David swallows then sits up a little. I push up from the mattress and wait for him to say the worst. What if there was someone else? It isn't unheard of for young people to pursue others before they're of age to find their mates. When we were fourteen, Lindsey was convinced another boy our age was going to be her mate. She said she felt something special for him, but all she felt was the intensity of a crush. There was another pair—two girls three years older than us—who loved each other deeply. When one of them turned eighteen, their dreams of being mated were shattered into a million pieces. So, it's possible David was disappointed as they were. The thought of it sends a wave of hurt through my heart, all the way to the deepest, darkest crevices.

I can tell he doesn't want to match my gaze. I've rarely seen David so hesitant. When he manages to look at me, he does so apologetically.

"Y-You loved her? Who?" I ask, letting my unease show in my voice.

"I have never felt love towards anyone, Brigette.
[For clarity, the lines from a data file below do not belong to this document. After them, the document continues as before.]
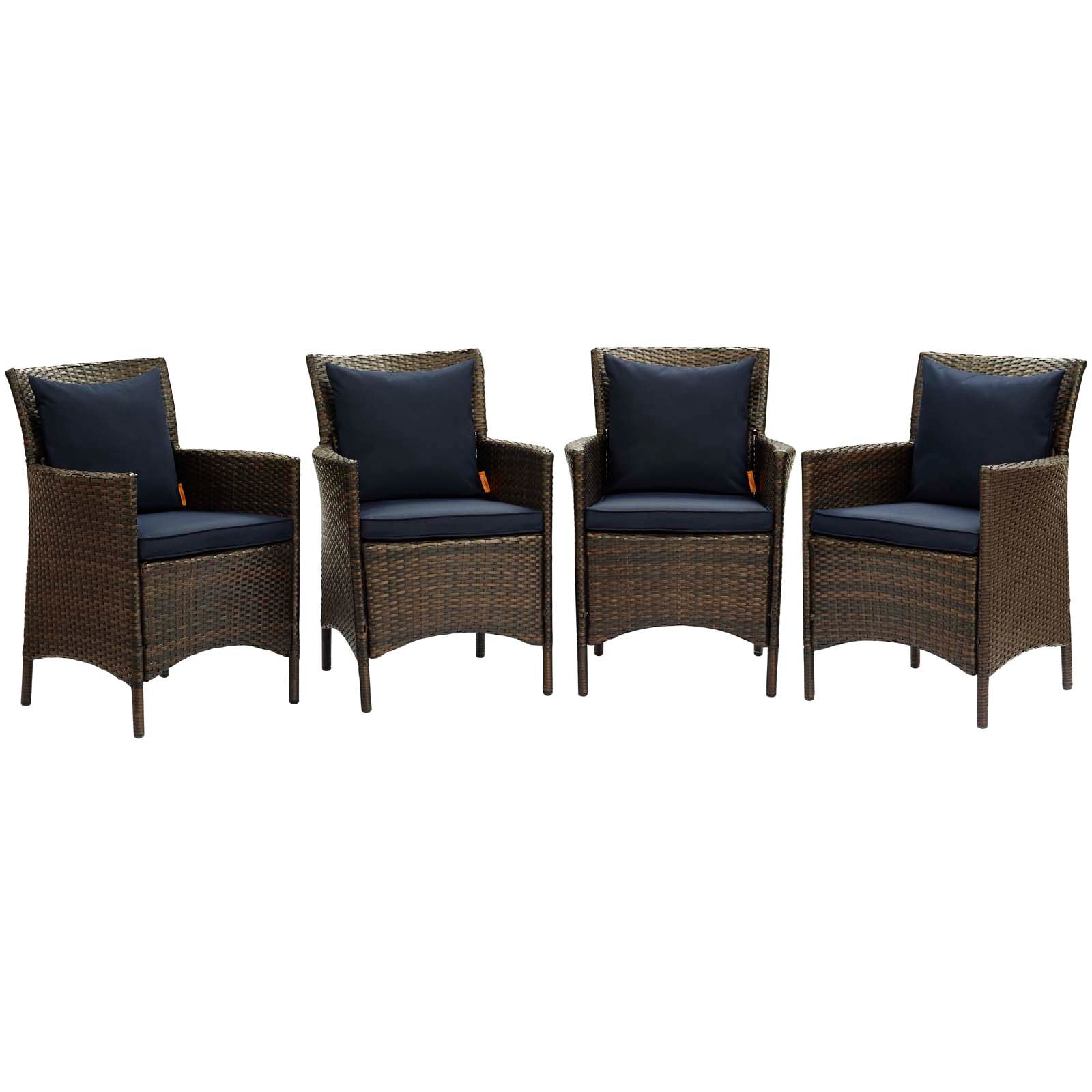 Conduit Outdoor Patio Wicker Rattan Dining Armchair Set of 4
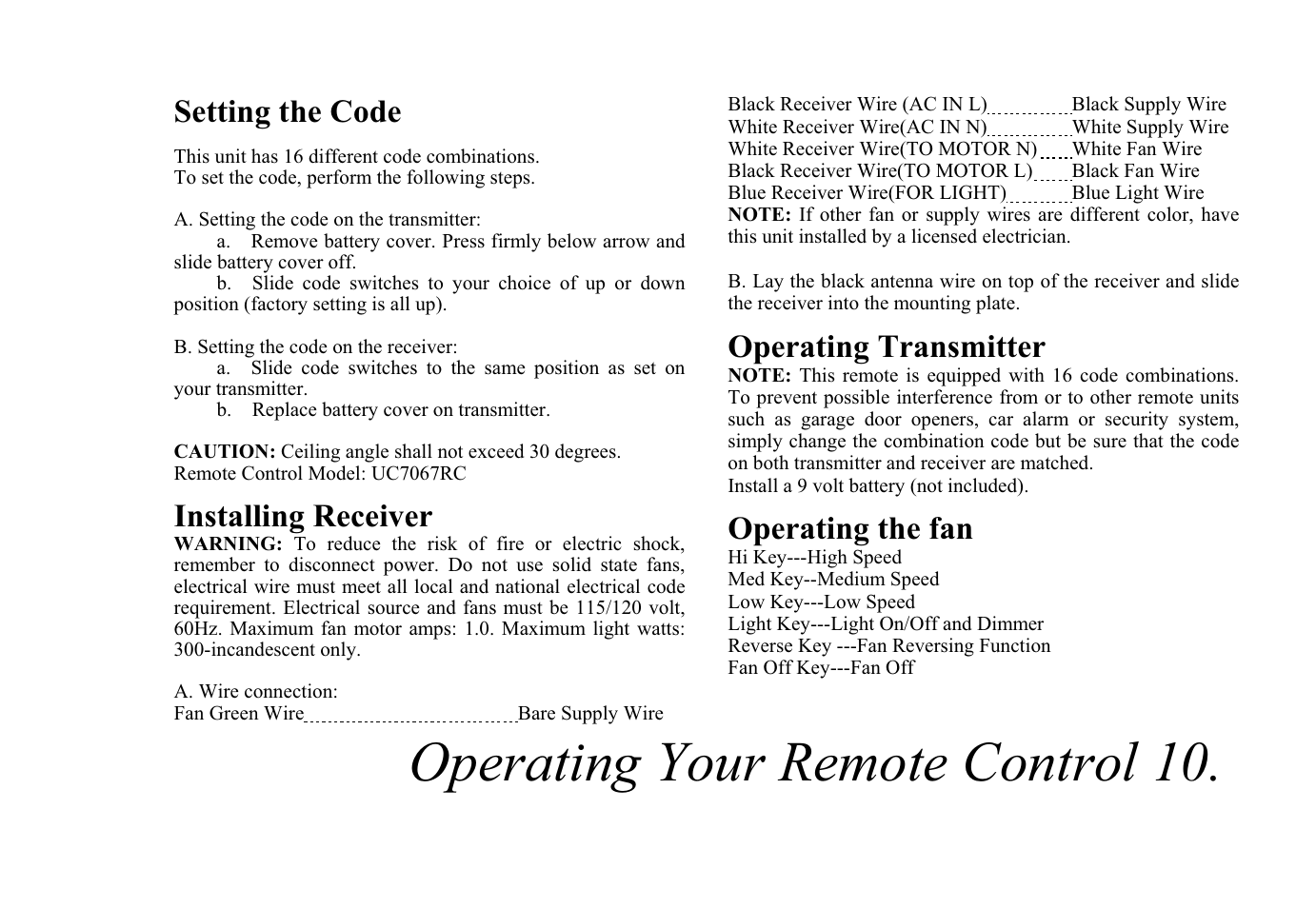 Operating your remote control 10, Setting the code, Installing receiver | Operating transmitter, Operating the fan | King of Fans Sauterne User Manual | Page 13 / 16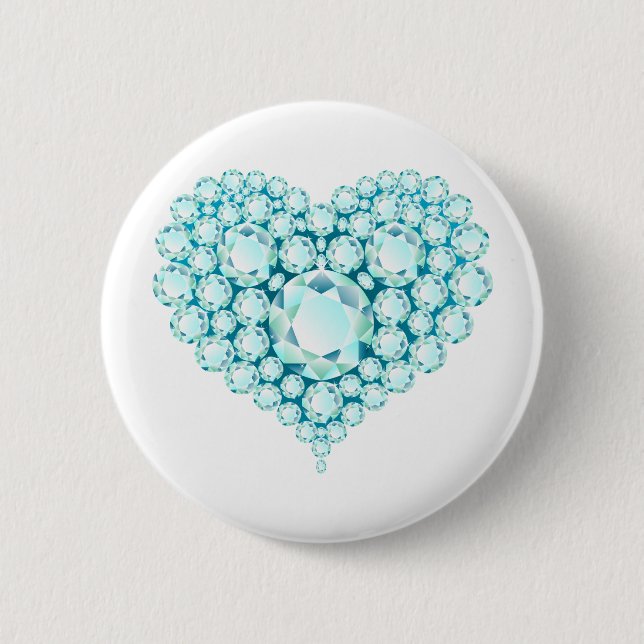 Aquamarine Heart Gems 2 Inch Round Button (Front)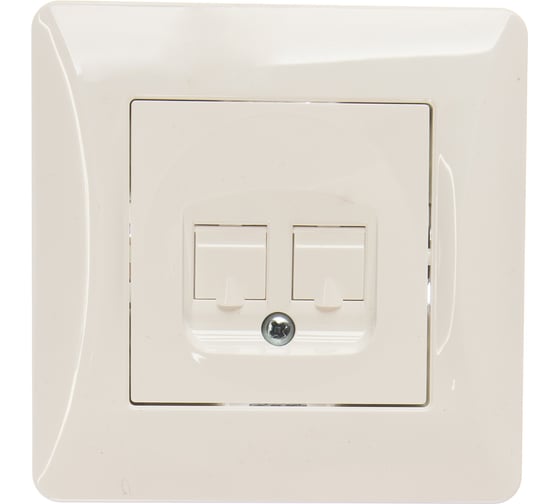 Телефонная розетка GUSI ELECTRIC Ugra RJ12, двойная, СУ, белый С11Т2-001-СБ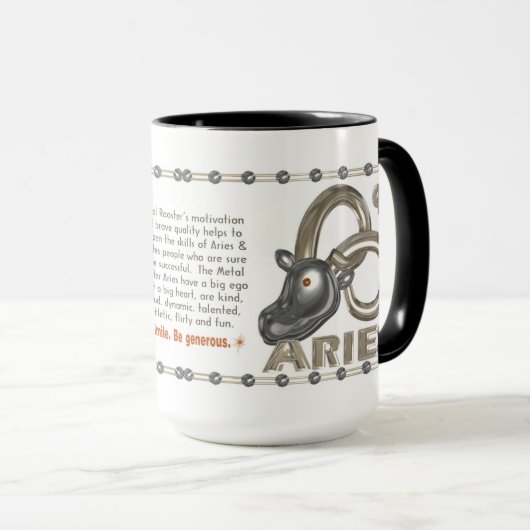 1981人の1921人の中国人の(占星術の)十二宮図の金属のオンドリの生まれる牡羊座 マグカップ (正面右)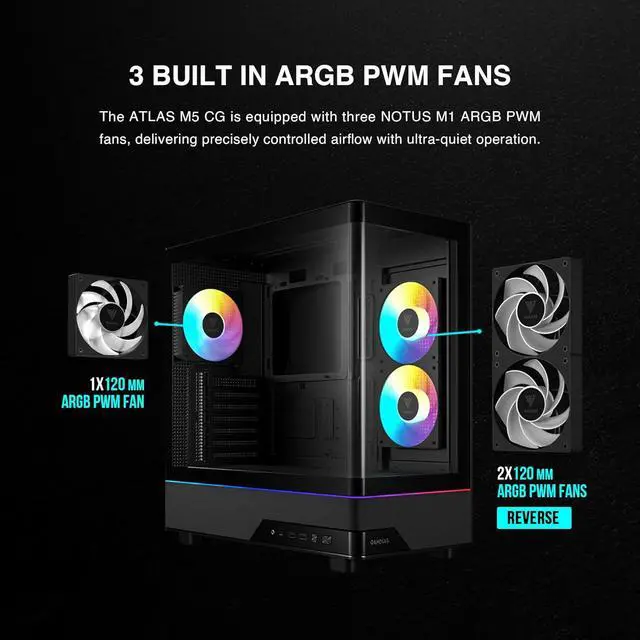 Alt view image 5 of 11 - GAMDIAS Atlas M5 CG ATX Mid Tower PC Case, Curved Tempered Glass Panoramic Design, 3 Built-in ARGB PWM Fans, Type-C Ready, 425mm GPU Support, High Airflow Gaming Case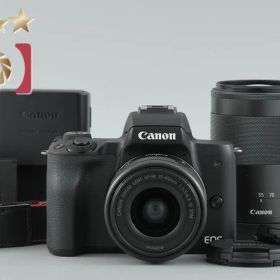 Canon キヤノン 【中古】Canon キヤノン EOS Kiss M ダブルズームキット ブラック ミラーレスカメラ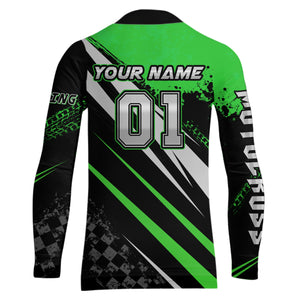 Dirt Bike MX Racing Jersey Green Upf30+ Motocross Shirt Women Kid Off-Road Shirt XM280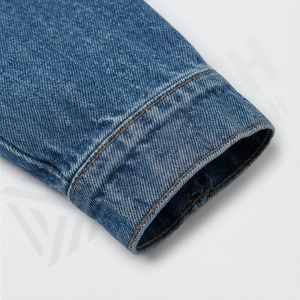 Veste en jean décontractée personnalisée pour hommes, grandes tailles, 100% coton, option logo sur le devant, respirante, veste d'hiver - Product Image 6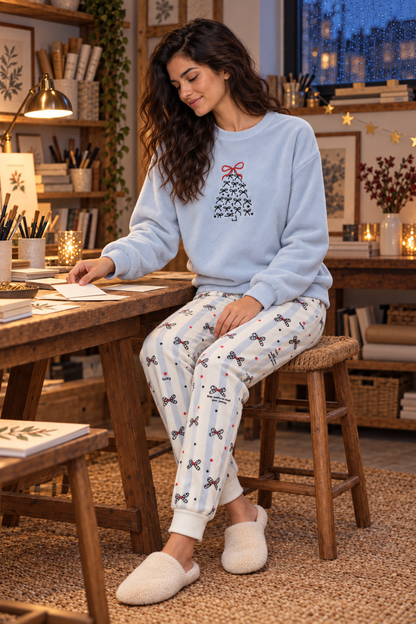 Christmas Bow Print Winter Pajama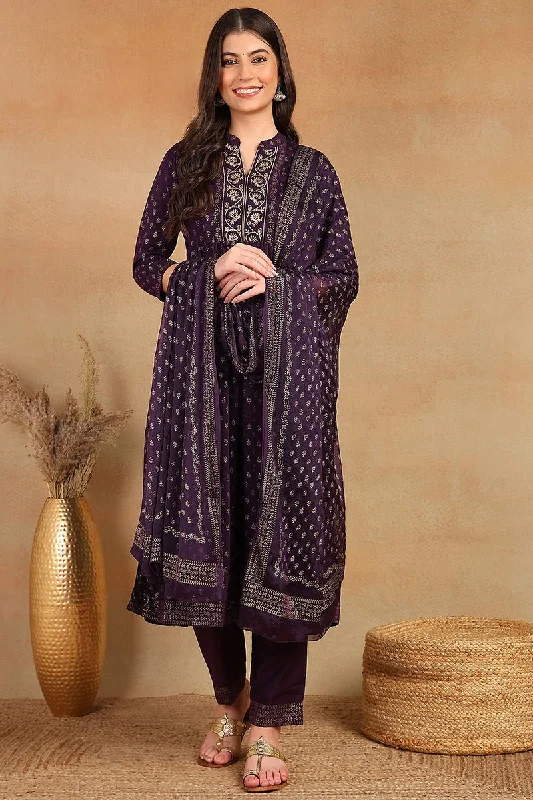 Ahika Purple Silk Blend Anarkali Kurta Pant With Dupatta Soft Stretch Pants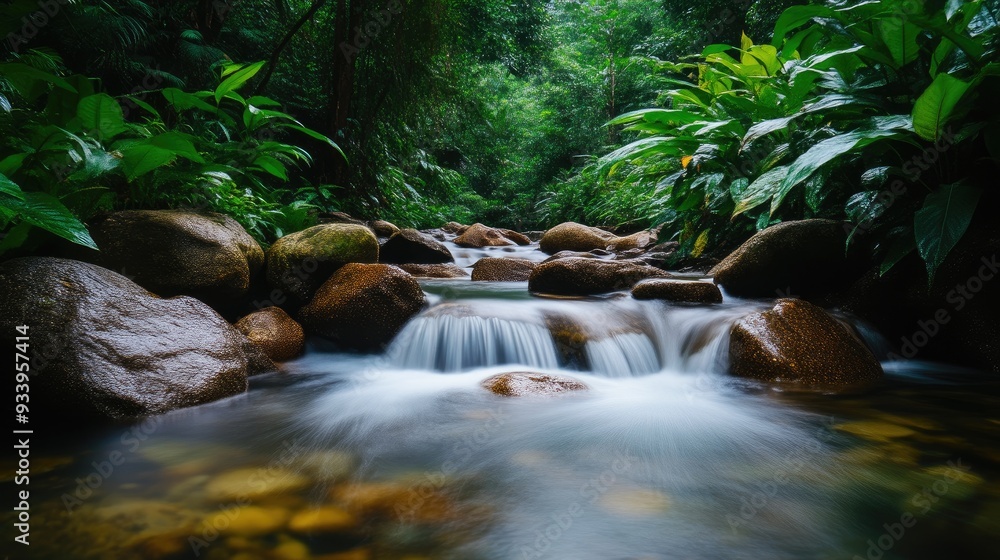 Picturesque Forest Stream with Clear Water and Rocks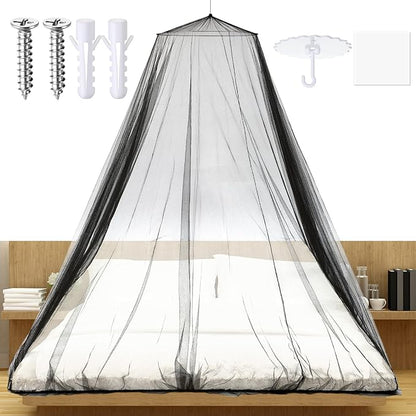 Fully Enclosed Mosquito Net Round Dome Canopy for King-Sized Beds No Opening Conical Design Bed Canopy for Insect Protection Easy Installation with Hanging Kit & Adhesive Ceiling Hook (Black)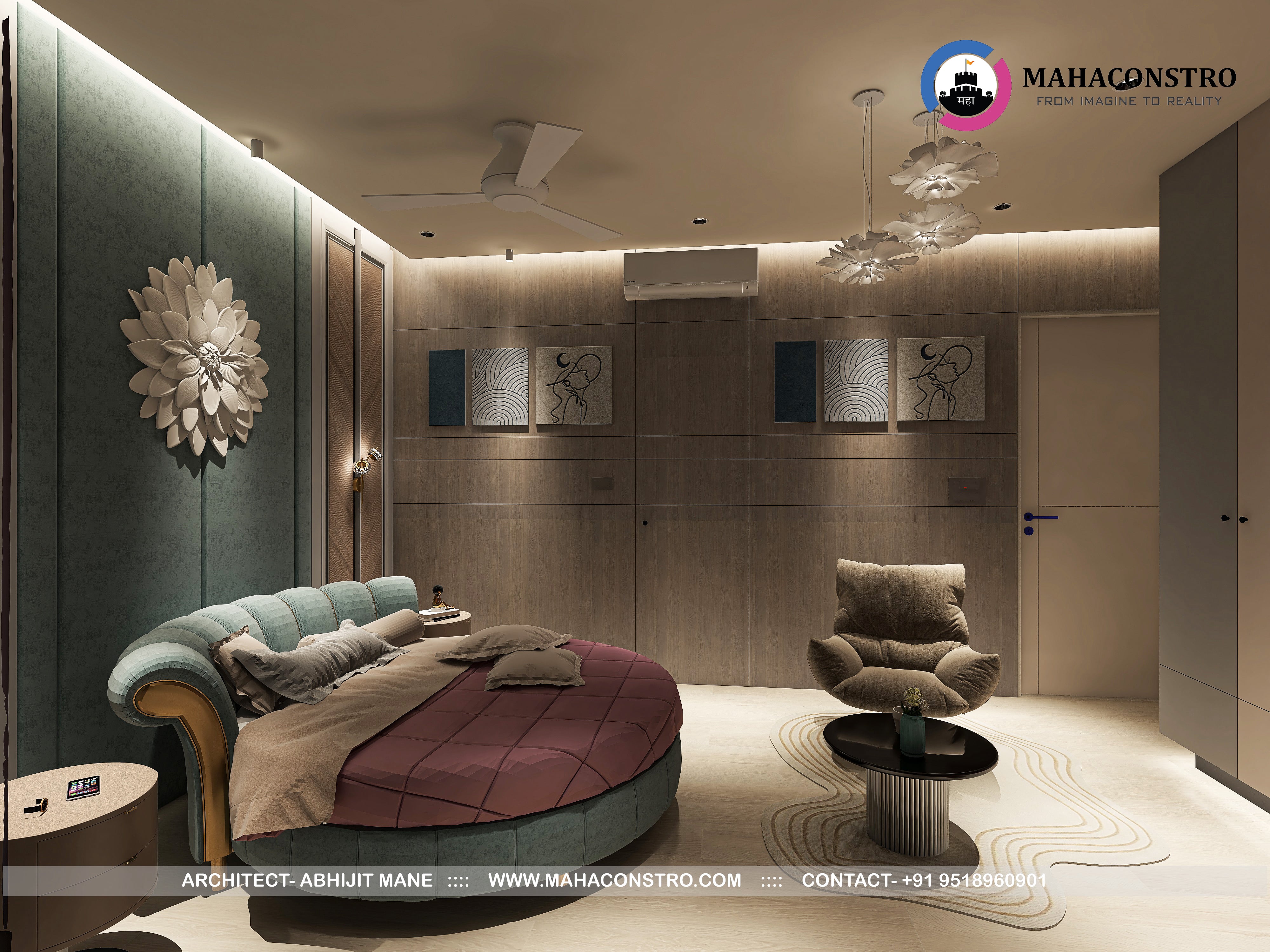 Ultra-luxury residential interior in Tembhurni, Solapur, designed by Mahaconstro Architects, featuring a contemporary living and dining space with bespoke furnishings and artistic finishes.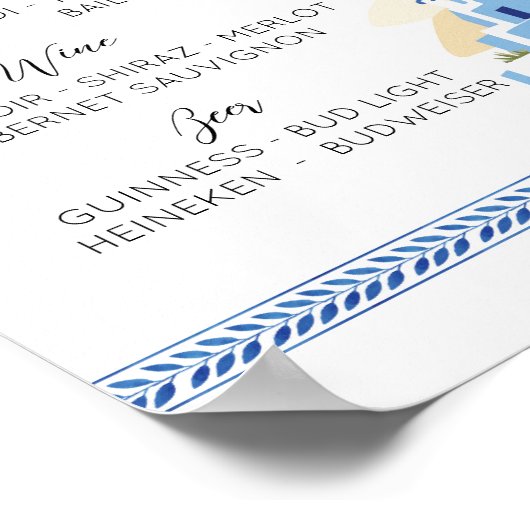 De bar bruiloft Santorini Griekenland Blauw Wit Poster (Hoek)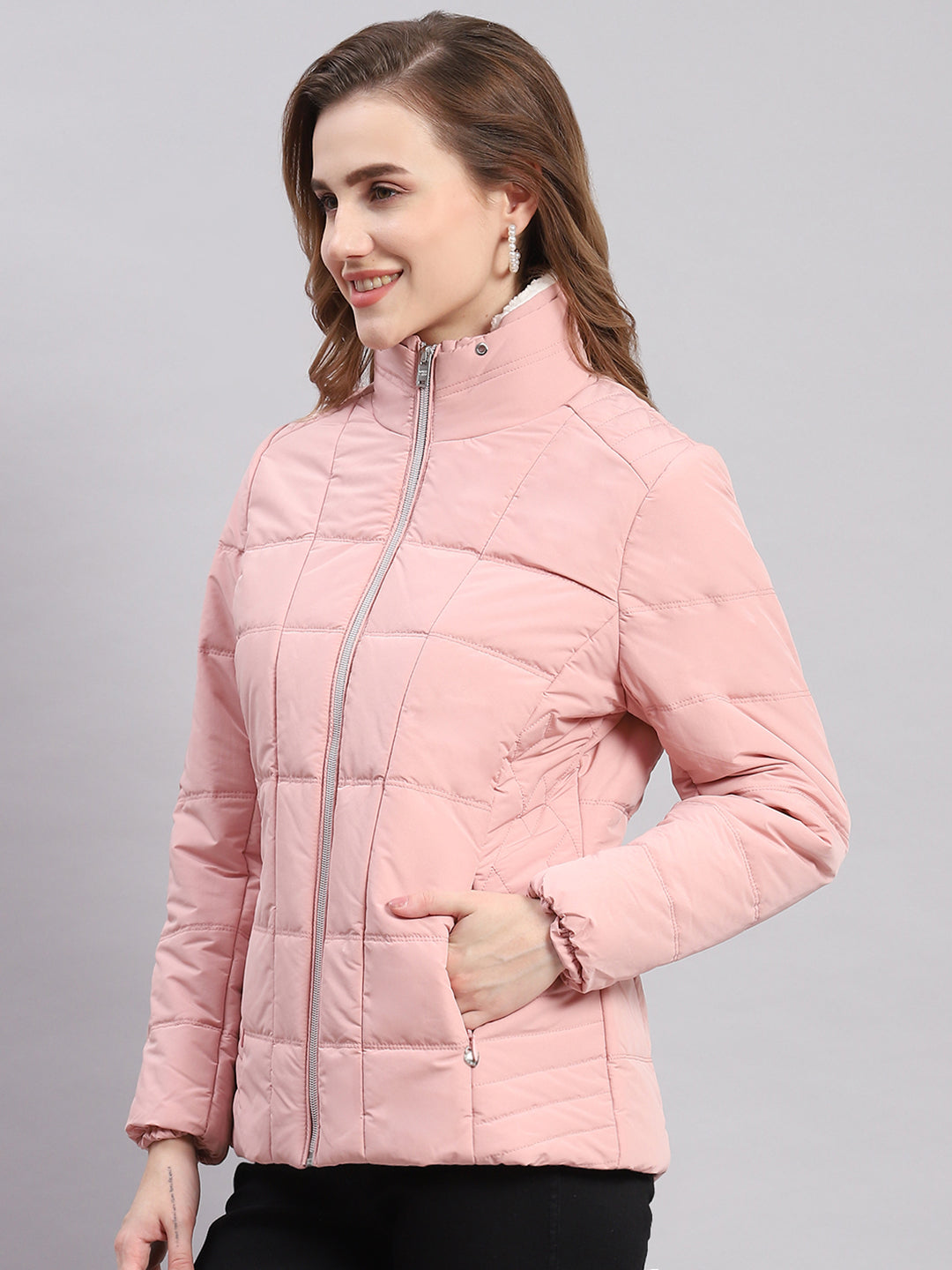 Women Peach Solid Stand Collar Full Sleeve Jackets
But there was a time a few years ago where..." His words fade. "I knew we would have this conversation eventually, but I didn't expect you to be looking at me like this."

"You didn't love her but you—you what?"

It isn't unheard of to be intimate with someone other than your mate, but it is frowned upon. It is the difference between being angry and being disappointed. I know what he's trying to tell me, and I don't know why I am so eager to hear him say it. It's as if I want him to give me a reason to be upset with him. If he's imperfect, then maybe I don't have to feel so guilty about my own mistakes.

"You slept with her?" I ask quietly.

He reaches out to me, and I don't move back. His hand grips my upper arm then drags down my skin until my hand is held by his. "I did," he says, "with more than one person."